Each line in the material below, starting at the one with "Tummy Tuck Before" and ending at the one with "Picture 8 of 9", is to be reproduced exactly; no picture is to be copied.

======== Given records ========

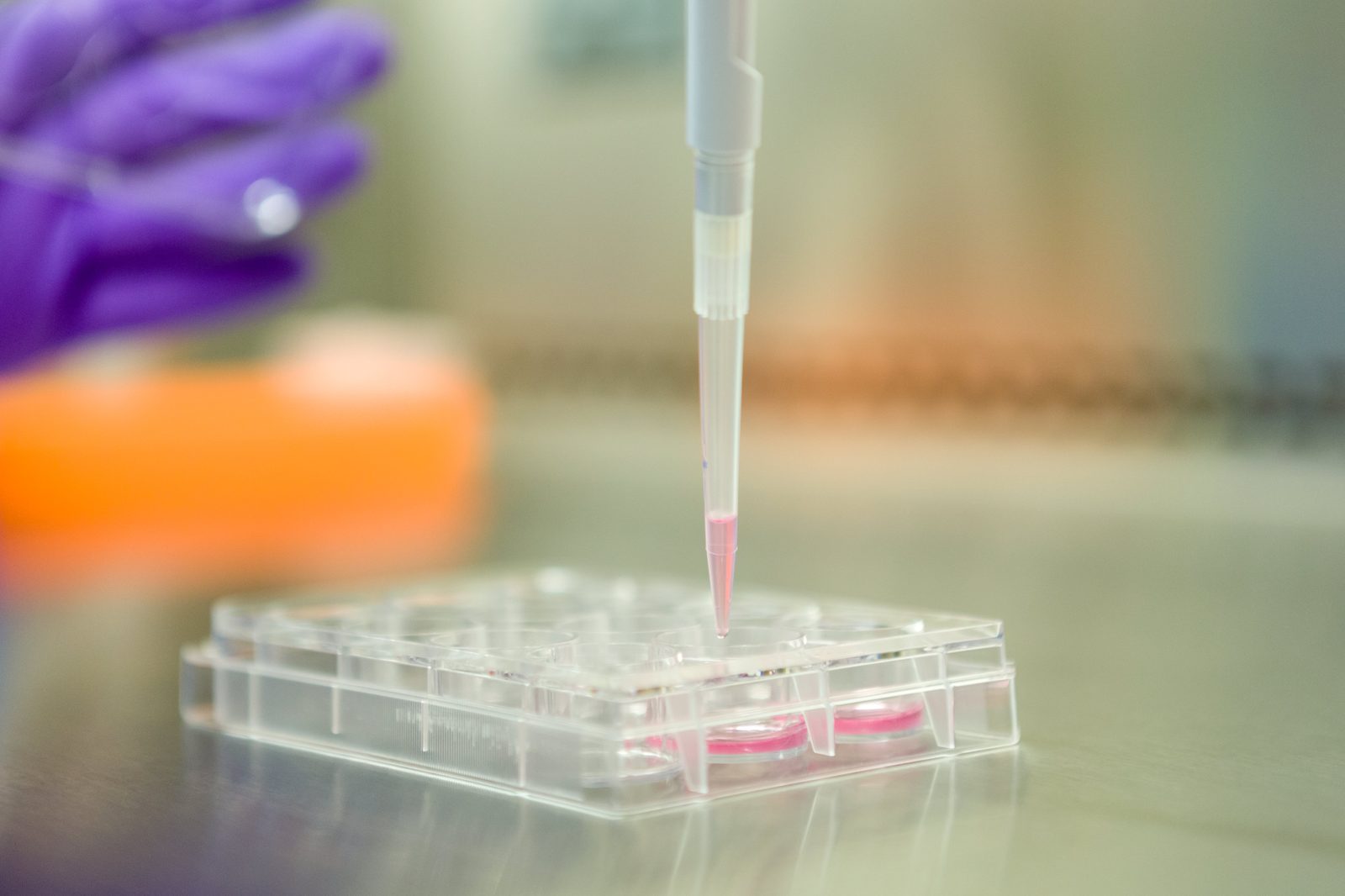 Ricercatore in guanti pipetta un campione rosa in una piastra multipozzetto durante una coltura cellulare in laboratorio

========
======== Given records ========

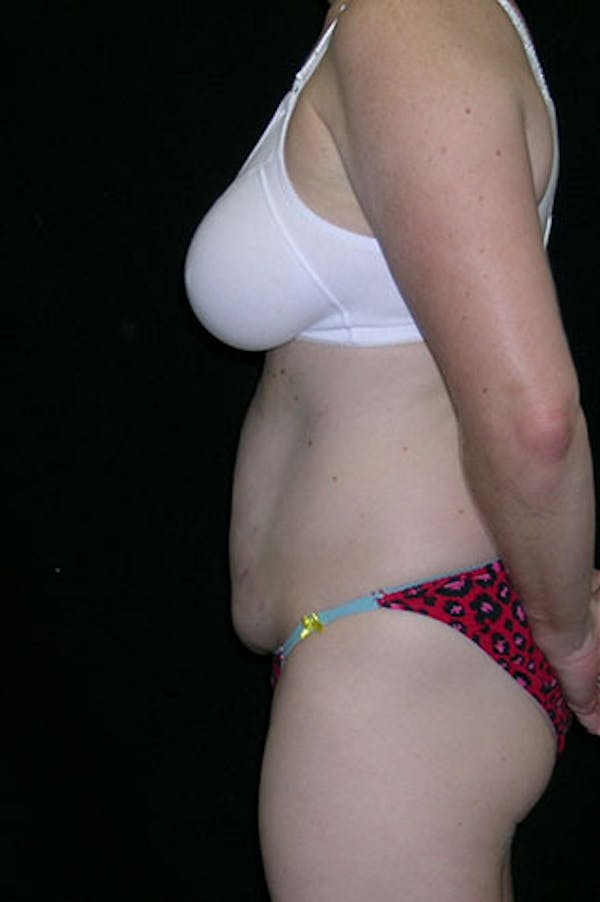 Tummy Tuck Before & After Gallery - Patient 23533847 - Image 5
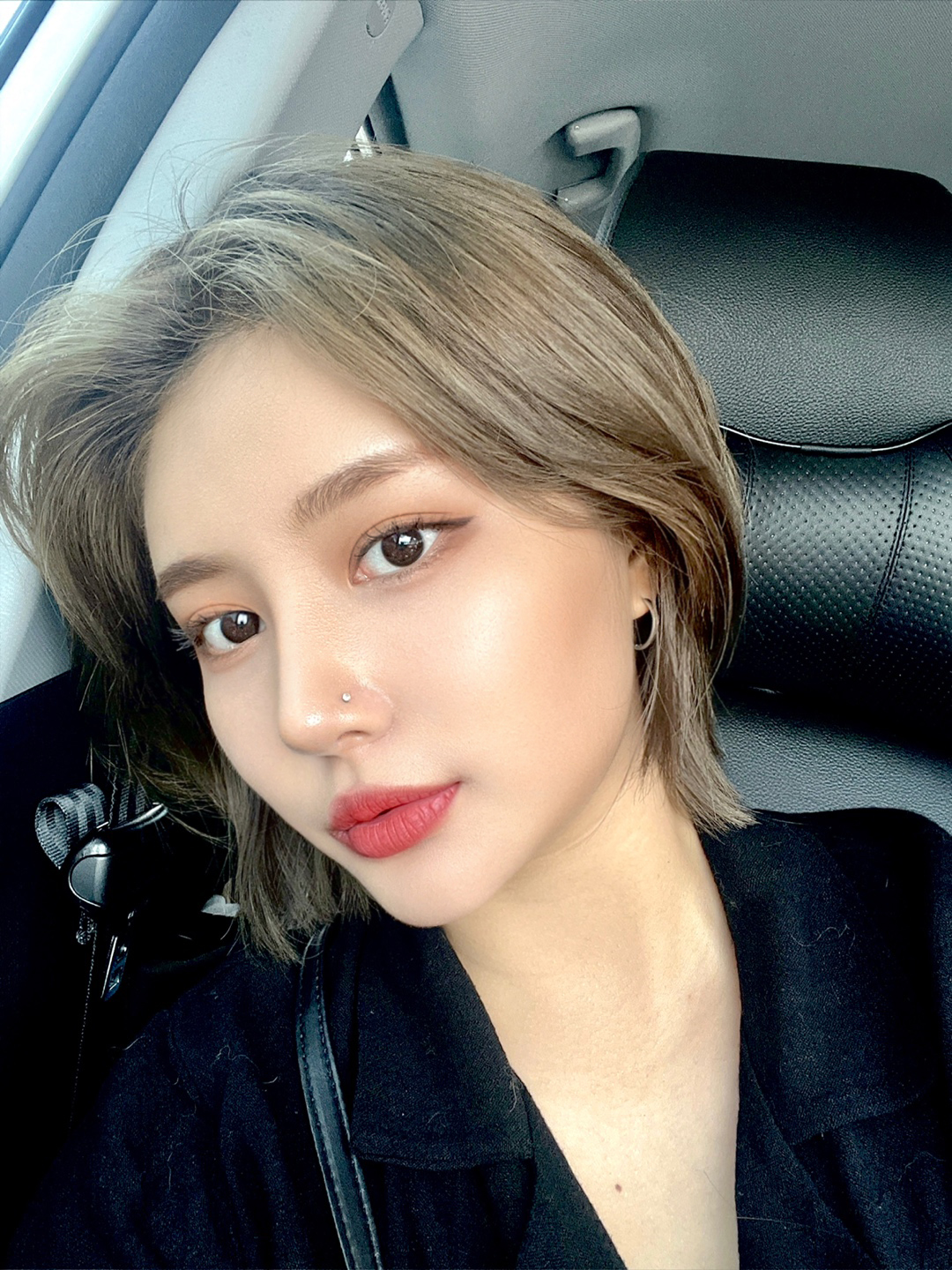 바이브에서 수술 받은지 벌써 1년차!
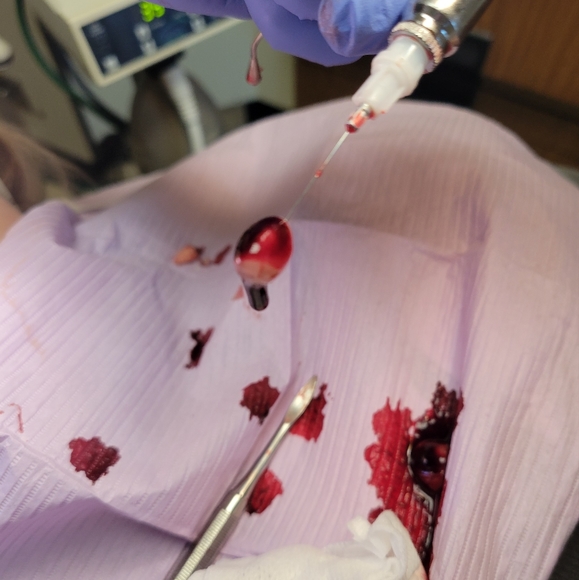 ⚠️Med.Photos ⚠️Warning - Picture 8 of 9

========
======== Given records ========

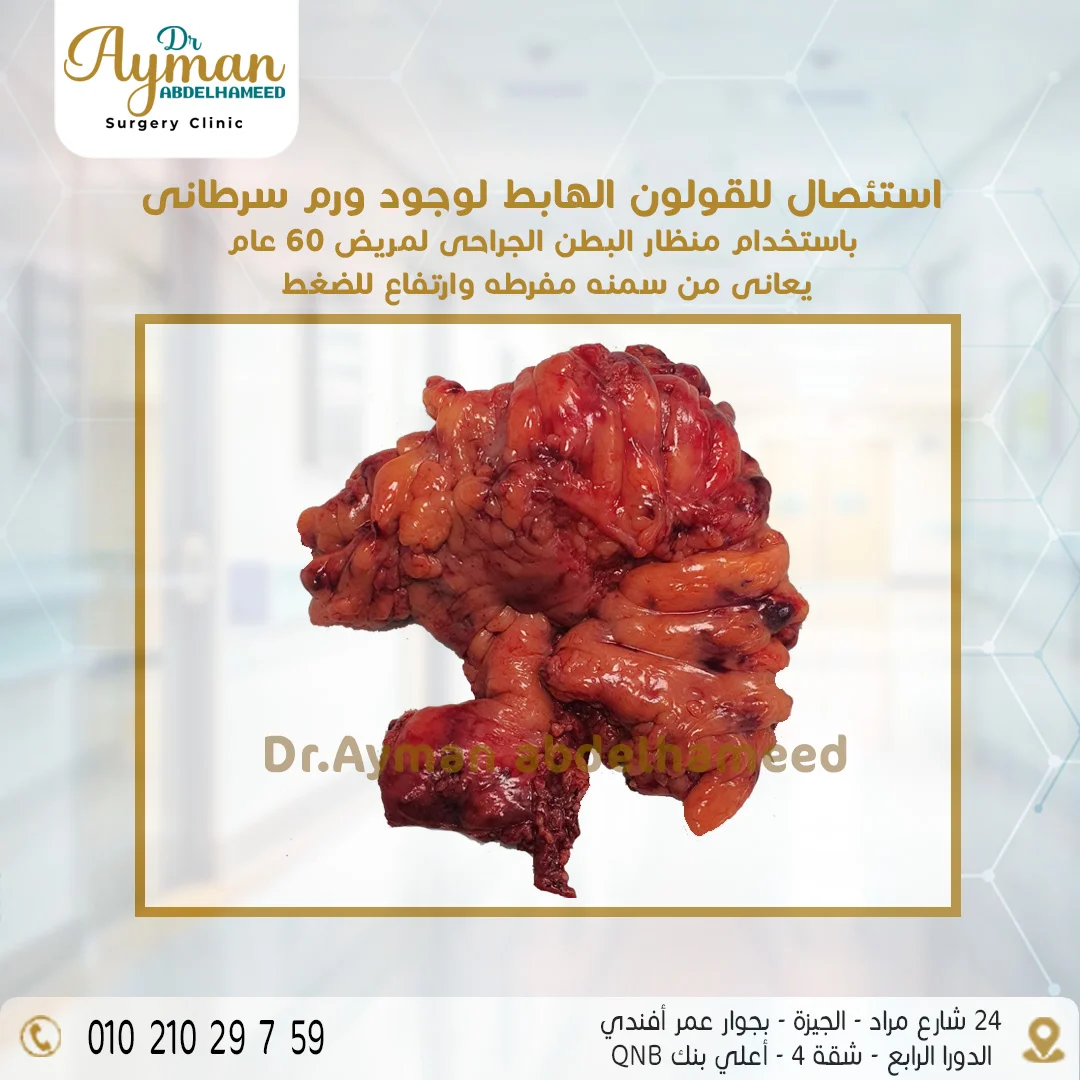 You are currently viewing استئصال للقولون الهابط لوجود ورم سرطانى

========

--- Response to the task ---
 Tummy Tuck Before & After Gallery - Patient 23533847 - Image 5
 바이브에서 수술 받은지 벌써 1년차!
 ⚠️Med.Photos ⚠️Warning - Picture 8 of 9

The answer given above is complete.